In 1909, Florida was hit by a devastating Category 3 hurricane that made landfall near Marathon in the Florida Keys.
Many homes lost their roofs, while this wooden building appears to have slipped from its foundations and had to be propped up to prevent it toppling over.
1912: Thomas Edison in front of his home

Thomas Edison was photographed here in 1912 in front of Seminole Lodge, his Fort Myers home on the Caloosahatchee River.
While the inventor had an estate in New Jersey, he built this charming Colonial-style home in 1886 to escape the harsh northern winters. The family continued to use the home as their winter retreat for more than 60 years, even after Edison's death in 1931.
Car manufacturer Henry Ford liked Edison's home so much that he bought the house next door in 1916.
1916: a Seminole family poses for a portrait

Florida's history is, of course, inextricably intertwined with its native peoples. These women, the family of Seminole chief Cypress Tiger, were photographed at their camp near Kendall in 1916.
The Seminole people historically lived in fixed settlements. Their homes comprised an elevated platform beneath a thatched roof and were made mostly from palmetto.
Florida's humid subtropical climate meant there was little need for walls or even rooms and the tight thatch and raised floor offered protection from rain.
1920: a traditional plantation house

Built in the Carpenter Classic style in around 1836, Rosewood Plantation was built for Burwell McBride in Capps, Jefferson County. The house later passed to his granddaughter Margaret. She married wealthy cotton planter Asa May, who owned more than 3,000 acres (1,214ha) of land in Jefferson alone.
The home's neat symmetry and classic columns topped by intricate mouldings are hallmarks of the Greek Revival style, which heavily influenced Southern homes of this era.
1925: Key Largo's Sound Rock Castle

Sound Rock Castle was built from native coral rock in 1924 for New Jersey dentist Dr George Engel.
It stands on Oceana Drive in Key Largo and was the second European-style home ever built in the area.

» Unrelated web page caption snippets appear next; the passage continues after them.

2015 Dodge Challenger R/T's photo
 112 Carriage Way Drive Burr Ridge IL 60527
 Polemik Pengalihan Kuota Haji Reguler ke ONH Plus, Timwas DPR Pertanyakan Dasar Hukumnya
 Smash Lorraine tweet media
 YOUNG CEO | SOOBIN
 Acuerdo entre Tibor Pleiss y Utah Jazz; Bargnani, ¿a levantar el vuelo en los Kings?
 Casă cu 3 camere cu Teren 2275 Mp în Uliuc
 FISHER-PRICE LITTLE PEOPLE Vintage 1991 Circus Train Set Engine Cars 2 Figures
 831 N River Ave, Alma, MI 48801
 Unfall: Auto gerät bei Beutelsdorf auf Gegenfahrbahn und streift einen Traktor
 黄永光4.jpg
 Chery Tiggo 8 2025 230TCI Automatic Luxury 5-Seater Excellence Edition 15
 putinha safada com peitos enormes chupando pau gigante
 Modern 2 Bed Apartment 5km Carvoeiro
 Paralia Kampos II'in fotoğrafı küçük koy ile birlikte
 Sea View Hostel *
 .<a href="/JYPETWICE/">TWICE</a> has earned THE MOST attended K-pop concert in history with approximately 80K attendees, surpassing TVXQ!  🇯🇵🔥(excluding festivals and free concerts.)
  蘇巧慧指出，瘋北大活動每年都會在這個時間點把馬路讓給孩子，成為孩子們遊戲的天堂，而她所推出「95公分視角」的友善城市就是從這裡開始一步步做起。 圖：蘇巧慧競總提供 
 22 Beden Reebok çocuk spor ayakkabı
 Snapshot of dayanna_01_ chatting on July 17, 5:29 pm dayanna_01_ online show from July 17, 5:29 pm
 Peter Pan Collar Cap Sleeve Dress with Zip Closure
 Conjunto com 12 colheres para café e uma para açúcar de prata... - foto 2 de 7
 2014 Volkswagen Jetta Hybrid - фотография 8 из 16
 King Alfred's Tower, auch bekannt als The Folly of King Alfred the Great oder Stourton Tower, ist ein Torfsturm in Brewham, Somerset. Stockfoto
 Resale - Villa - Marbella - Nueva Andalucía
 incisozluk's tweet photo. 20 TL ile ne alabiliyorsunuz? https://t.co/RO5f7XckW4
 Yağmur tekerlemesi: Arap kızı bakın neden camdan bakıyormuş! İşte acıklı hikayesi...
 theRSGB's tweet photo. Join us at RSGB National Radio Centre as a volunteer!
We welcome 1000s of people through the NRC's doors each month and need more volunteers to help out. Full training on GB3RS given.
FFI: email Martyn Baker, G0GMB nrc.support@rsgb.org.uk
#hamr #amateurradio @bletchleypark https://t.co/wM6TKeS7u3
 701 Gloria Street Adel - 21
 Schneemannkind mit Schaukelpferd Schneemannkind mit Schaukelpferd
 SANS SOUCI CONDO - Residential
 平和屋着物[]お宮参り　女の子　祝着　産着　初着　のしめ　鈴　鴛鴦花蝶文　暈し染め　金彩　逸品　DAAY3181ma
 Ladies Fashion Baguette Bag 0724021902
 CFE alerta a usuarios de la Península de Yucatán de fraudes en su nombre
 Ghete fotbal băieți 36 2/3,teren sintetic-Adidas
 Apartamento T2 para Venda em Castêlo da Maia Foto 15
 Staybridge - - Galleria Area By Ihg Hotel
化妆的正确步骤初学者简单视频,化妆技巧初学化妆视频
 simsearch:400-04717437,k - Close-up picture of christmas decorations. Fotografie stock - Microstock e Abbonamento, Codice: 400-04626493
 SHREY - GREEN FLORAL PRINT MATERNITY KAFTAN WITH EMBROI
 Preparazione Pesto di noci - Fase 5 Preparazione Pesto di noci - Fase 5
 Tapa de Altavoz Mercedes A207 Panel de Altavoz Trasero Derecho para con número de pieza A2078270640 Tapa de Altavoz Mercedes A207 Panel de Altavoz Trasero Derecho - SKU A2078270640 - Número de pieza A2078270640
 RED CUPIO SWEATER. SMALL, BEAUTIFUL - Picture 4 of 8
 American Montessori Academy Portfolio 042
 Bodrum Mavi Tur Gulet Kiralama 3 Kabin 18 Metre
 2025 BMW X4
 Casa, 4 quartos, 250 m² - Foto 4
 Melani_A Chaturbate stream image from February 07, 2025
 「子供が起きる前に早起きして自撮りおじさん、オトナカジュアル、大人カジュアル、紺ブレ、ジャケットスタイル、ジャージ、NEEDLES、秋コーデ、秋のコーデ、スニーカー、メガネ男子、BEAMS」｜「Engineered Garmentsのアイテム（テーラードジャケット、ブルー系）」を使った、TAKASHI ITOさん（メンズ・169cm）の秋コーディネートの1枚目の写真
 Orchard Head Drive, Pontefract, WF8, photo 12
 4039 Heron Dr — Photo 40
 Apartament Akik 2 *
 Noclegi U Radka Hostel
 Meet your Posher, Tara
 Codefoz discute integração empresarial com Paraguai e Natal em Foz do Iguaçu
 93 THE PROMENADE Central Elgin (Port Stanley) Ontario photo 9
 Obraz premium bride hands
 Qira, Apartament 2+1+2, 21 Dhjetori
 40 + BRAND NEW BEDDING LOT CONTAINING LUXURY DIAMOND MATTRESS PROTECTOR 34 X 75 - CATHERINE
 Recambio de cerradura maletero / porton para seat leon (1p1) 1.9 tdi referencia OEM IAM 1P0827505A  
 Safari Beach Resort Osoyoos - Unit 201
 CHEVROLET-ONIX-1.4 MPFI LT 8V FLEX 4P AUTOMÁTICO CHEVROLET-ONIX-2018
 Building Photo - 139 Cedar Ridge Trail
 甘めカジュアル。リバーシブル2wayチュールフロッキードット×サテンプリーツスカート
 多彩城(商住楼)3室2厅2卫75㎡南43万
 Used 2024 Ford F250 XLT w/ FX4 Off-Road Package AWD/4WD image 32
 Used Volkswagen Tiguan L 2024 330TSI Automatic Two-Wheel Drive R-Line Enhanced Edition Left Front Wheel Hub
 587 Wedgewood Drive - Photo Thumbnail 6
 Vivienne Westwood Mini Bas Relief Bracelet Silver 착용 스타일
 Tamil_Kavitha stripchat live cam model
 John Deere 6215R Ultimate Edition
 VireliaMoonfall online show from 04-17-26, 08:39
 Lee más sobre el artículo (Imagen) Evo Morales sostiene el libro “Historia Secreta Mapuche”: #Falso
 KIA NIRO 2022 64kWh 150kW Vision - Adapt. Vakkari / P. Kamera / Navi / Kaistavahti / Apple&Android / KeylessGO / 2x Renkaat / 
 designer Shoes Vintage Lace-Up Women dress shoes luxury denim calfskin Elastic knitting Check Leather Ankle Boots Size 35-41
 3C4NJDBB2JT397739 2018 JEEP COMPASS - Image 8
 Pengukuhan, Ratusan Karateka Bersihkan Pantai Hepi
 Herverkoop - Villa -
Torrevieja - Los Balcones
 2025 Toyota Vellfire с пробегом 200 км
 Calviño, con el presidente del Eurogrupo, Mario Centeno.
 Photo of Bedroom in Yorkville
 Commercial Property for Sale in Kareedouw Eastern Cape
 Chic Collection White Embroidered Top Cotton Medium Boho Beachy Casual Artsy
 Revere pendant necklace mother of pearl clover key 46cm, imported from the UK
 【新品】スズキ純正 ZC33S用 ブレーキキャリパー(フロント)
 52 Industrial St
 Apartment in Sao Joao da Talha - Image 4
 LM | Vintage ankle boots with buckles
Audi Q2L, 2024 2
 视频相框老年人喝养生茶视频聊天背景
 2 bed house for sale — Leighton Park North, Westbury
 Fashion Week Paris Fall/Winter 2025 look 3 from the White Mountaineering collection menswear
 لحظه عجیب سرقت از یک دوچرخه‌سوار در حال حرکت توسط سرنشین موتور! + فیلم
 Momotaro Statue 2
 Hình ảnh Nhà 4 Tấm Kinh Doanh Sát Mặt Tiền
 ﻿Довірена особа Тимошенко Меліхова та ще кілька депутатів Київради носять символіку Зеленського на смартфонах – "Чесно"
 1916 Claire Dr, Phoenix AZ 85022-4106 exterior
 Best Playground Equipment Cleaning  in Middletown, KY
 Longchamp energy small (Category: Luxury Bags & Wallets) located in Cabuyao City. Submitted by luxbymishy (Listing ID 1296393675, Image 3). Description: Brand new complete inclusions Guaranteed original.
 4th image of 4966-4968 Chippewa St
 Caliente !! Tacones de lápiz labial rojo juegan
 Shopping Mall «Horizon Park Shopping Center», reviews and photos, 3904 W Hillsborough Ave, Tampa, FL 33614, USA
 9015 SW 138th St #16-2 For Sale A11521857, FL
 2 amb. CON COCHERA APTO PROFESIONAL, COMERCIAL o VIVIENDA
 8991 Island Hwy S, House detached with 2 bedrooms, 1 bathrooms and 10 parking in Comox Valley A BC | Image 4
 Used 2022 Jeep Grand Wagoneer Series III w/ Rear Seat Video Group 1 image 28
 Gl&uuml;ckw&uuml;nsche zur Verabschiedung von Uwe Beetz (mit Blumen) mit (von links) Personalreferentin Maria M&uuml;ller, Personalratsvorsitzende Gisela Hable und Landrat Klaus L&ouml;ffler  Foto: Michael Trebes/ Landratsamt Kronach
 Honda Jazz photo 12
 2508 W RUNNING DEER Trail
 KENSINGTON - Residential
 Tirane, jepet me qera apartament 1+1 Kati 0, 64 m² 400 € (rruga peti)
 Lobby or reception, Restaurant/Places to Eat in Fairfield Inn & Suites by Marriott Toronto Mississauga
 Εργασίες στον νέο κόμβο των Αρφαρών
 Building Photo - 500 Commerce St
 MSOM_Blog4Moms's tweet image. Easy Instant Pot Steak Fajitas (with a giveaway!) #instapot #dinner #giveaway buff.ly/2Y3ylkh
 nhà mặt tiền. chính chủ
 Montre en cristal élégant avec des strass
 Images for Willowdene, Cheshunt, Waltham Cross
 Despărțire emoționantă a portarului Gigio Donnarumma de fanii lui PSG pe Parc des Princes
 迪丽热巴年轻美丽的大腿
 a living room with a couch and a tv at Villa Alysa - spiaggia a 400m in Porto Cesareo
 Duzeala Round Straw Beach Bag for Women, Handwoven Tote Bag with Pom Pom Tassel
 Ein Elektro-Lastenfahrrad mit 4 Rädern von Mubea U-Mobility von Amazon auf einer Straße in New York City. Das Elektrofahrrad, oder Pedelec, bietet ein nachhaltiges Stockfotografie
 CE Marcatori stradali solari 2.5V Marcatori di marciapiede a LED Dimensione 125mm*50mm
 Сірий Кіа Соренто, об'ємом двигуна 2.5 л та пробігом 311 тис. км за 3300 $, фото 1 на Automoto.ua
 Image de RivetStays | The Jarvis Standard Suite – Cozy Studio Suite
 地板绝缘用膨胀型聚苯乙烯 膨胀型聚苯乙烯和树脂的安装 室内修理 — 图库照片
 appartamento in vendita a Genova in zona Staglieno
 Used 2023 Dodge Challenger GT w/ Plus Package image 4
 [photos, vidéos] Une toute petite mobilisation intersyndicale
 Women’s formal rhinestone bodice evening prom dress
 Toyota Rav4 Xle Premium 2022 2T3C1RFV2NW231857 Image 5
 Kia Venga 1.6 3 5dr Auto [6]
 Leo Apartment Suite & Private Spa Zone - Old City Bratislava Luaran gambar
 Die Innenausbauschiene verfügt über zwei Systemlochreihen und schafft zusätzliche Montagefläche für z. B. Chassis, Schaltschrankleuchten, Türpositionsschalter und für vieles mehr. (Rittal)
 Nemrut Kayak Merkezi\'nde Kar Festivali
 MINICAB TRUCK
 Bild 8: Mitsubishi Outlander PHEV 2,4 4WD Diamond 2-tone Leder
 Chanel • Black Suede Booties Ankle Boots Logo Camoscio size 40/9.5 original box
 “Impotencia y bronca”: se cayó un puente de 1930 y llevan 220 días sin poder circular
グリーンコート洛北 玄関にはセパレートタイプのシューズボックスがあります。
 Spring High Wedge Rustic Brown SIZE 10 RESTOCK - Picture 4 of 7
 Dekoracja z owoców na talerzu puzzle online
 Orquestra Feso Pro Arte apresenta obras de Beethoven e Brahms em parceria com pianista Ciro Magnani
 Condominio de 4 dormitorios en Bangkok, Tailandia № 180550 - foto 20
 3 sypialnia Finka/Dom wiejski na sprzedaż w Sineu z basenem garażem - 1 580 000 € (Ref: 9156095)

Perhaps thanks to its walls, which are three feet (0.9m) thick at the base, it's now the oldest surviving home in Key Largo.
The 4,200-square-foot (390sqm) castle went on the market for just under $1.6 million (£1.2m) in 2020.
1925: Spanish-style architecture

These remarkable images were taken as part of what appears to be a fashion photoshoot in Coral Gables at a waterfront home in 1925.
The building's Moorish-influenced Spanish-style architecture, including its tiled roof, arches, slender columns, courtyard and tiled fountain, speaks to almost three centuries of Spanish rule in Florida.